> **EXERCISE GOAL**
Starting with the line that has "That's it for" and finishing with the line that has "In total, eight", set down each line below exactly. Pictures are not copied.

> **SOURCE DATA**
- Opening Delimiter -
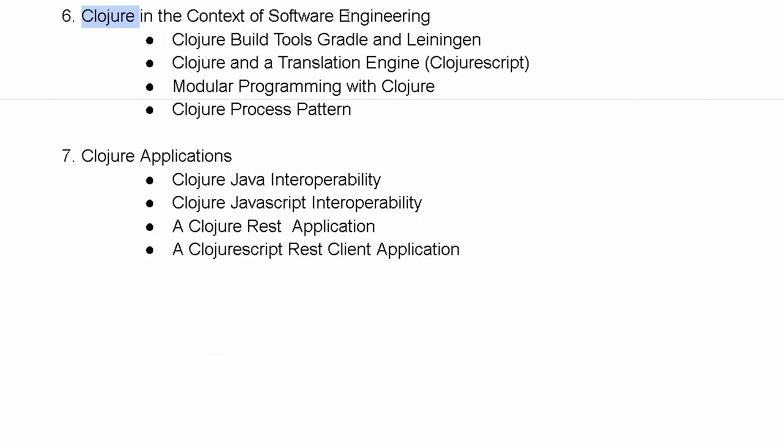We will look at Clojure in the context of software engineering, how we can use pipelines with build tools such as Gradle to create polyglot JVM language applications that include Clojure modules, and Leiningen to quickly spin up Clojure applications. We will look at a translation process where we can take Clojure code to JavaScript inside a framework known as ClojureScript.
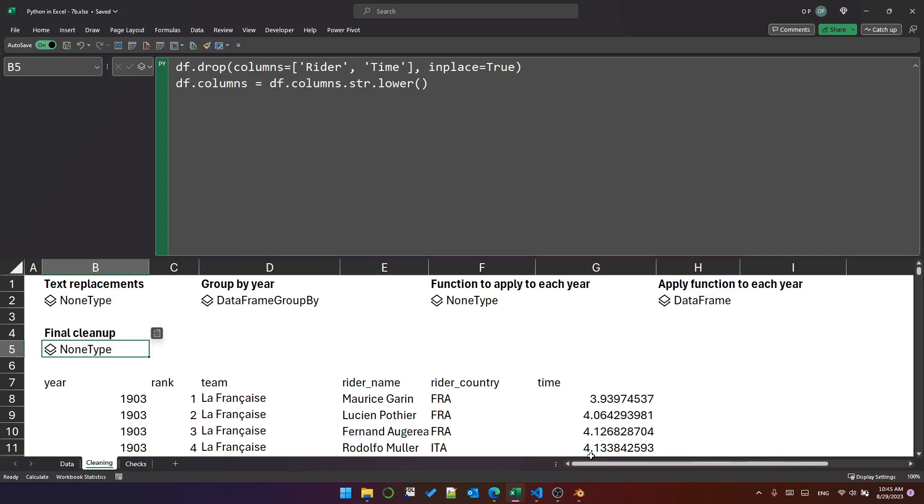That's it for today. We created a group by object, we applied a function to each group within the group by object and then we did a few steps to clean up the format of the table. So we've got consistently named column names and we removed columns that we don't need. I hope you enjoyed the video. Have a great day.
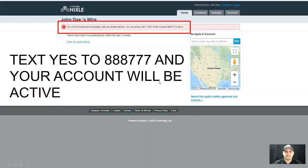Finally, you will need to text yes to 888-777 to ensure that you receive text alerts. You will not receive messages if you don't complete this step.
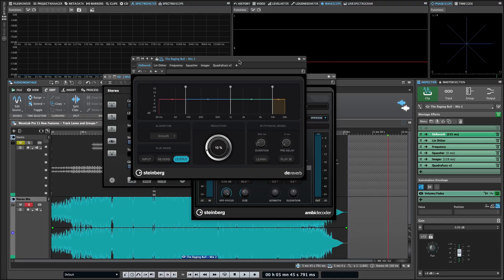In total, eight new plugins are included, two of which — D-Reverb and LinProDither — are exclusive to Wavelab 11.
- Closing Delimiter -
- Opening Delimiter -
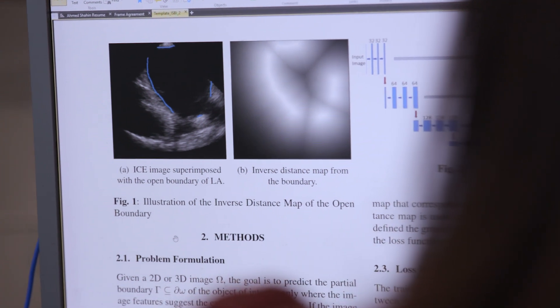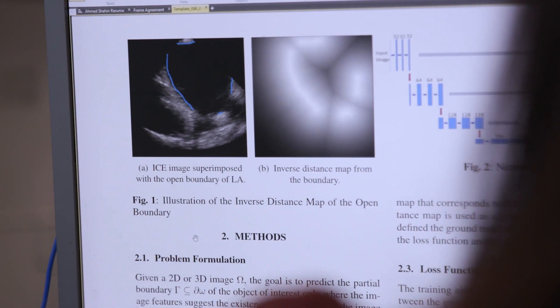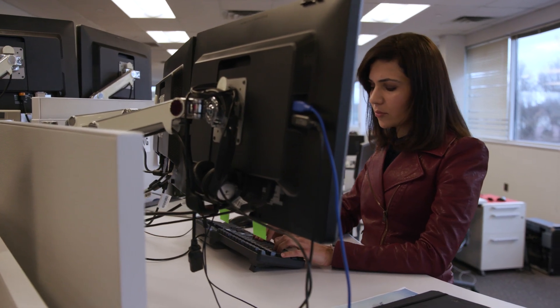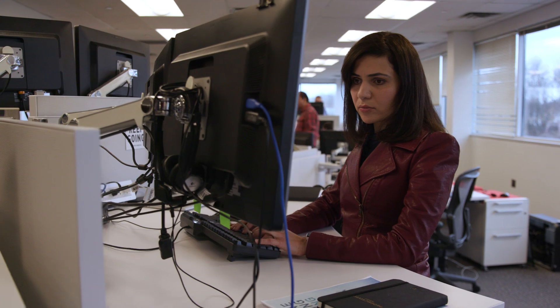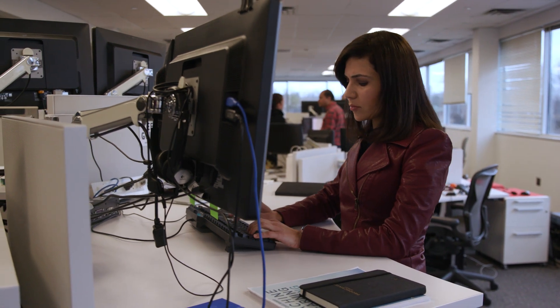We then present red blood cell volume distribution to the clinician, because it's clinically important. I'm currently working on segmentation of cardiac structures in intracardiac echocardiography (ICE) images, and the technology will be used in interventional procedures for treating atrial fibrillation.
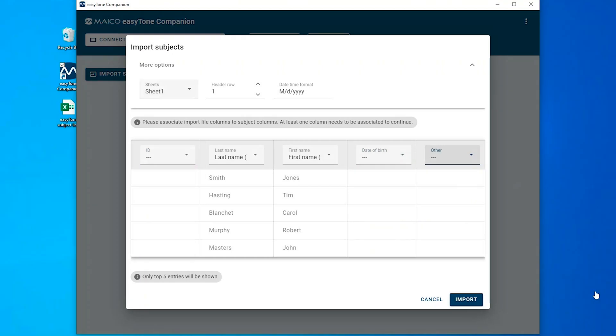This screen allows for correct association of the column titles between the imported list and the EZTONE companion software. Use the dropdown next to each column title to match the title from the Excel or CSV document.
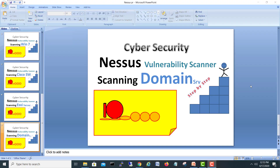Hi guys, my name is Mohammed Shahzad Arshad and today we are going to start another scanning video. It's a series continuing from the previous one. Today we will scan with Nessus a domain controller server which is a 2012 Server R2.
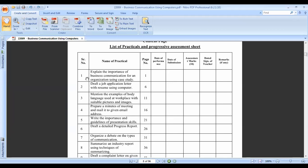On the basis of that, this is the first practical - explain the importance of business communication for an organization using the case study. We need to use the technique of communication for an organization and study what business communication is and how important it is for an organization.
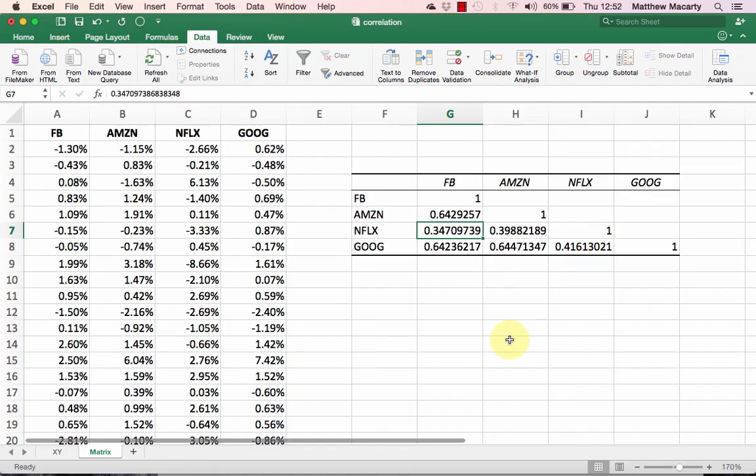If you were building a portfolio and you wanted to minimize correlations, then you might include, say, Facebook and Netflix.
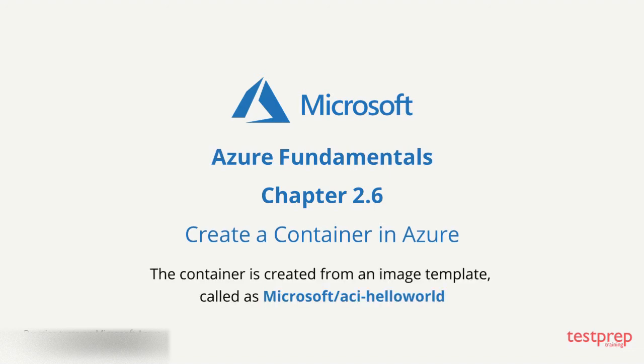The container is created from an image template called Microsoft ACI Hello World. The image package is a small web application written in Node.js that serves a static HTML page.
- Closing Delimiter -
- Opening Delimiter -
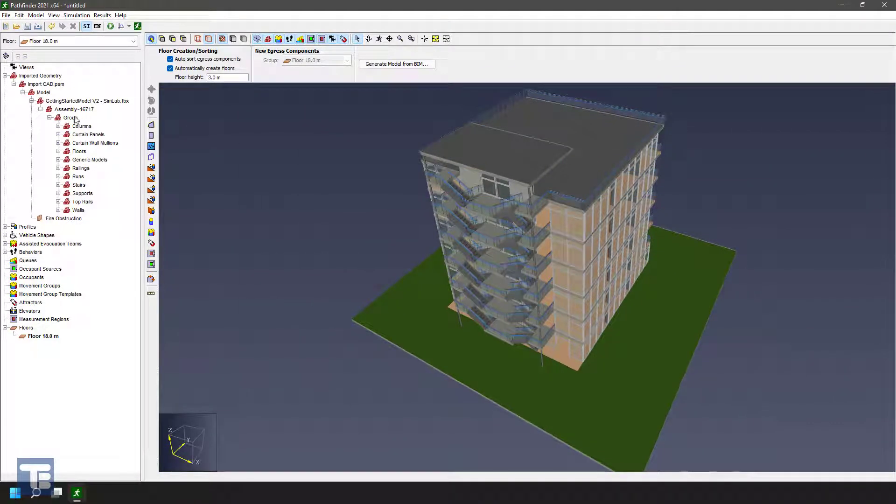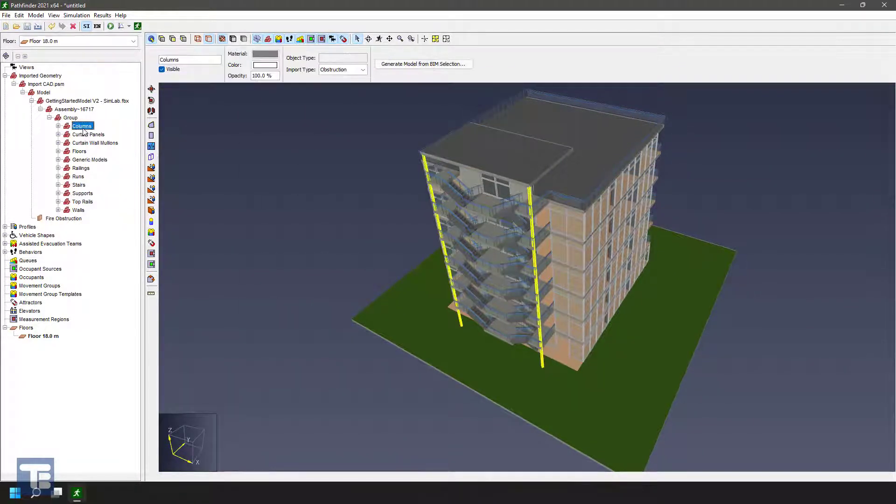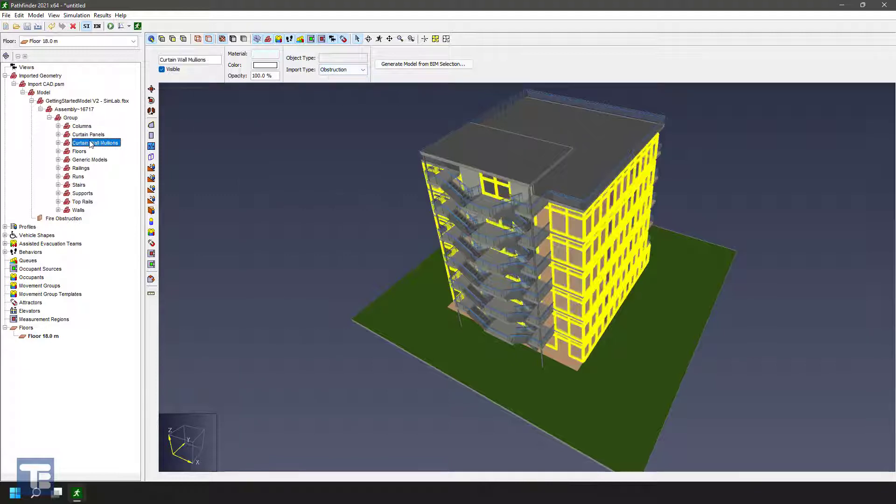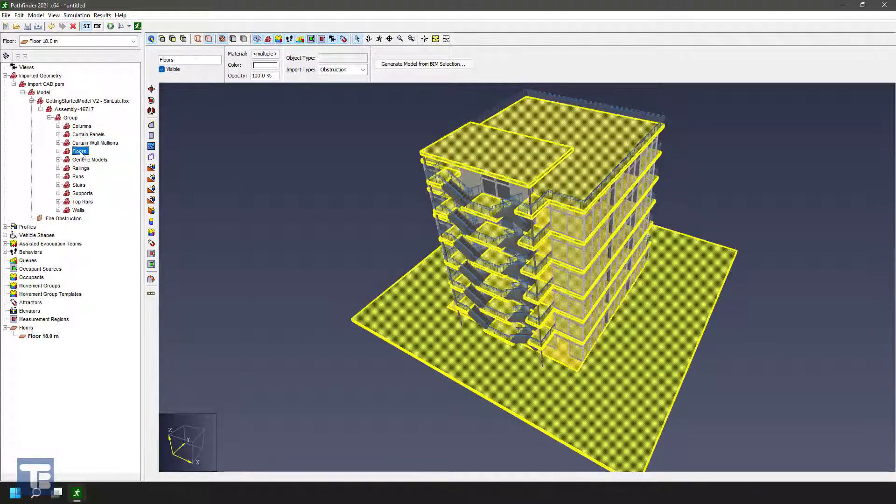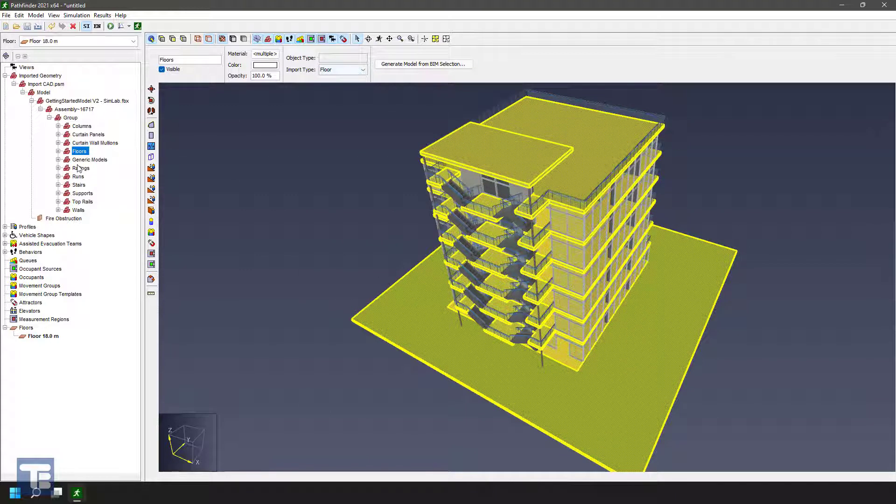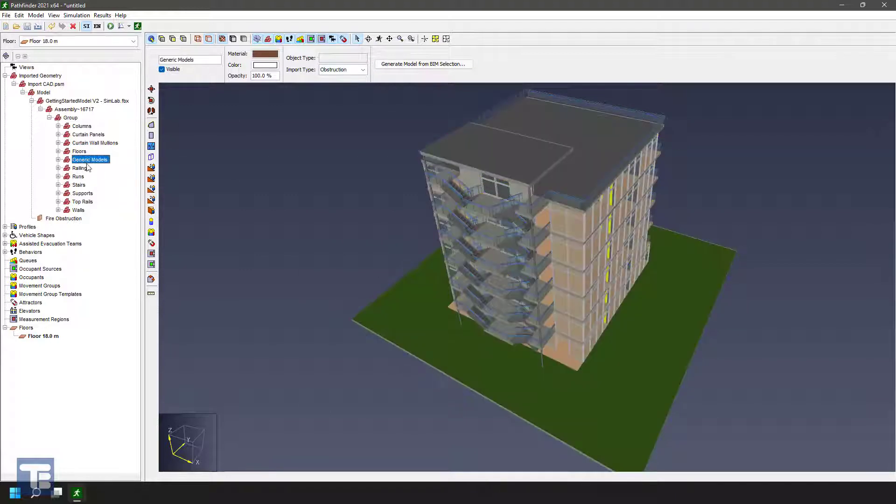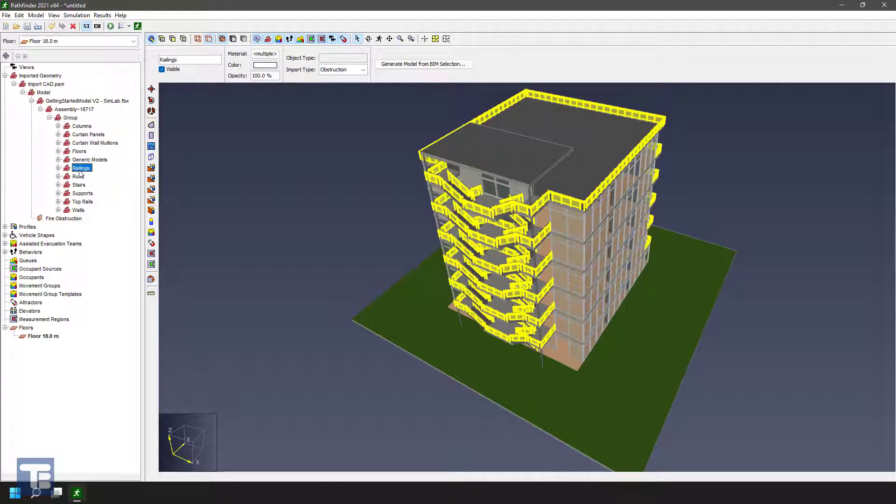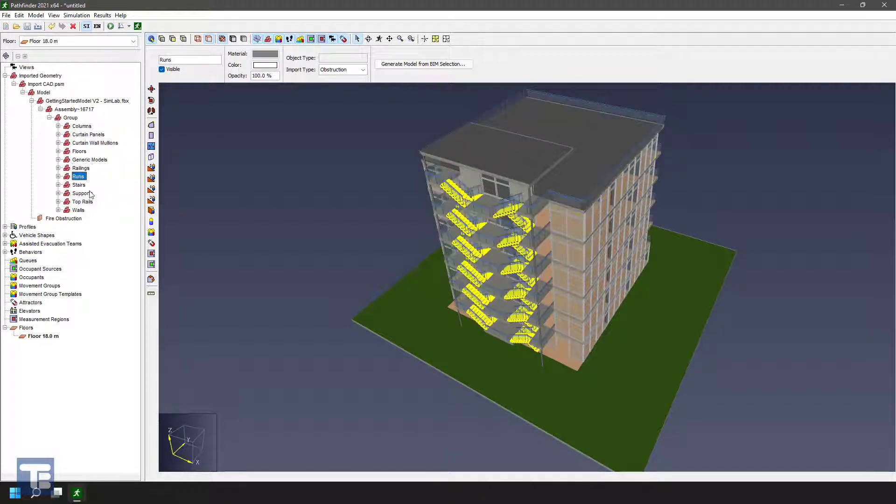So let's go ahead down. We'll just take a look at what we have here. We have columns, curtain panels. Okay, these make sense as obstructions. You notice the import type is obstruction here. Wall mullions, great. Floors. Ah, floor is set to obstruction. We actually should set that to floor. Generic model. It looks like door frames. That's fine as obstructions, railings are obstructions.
- Closing Delimiter -
> **EXERCISE RESPONSE**
That's it for today. We created a group by object, we applied a function to each group within the group by object and then we did a few steps to clean up the format of the table. So we've got consistently named column names and we removed columns that we don't need. I hope you enjoyed the video. Have a great day.
Finally, you will need to text yes to 888-777 to ensure that you receive text alerts. You will not receive messages if you don't complete this step.
In total, eight new plugins are included, two of which — D-Reverb and LinProDither — are exclusive to Wavelab 11.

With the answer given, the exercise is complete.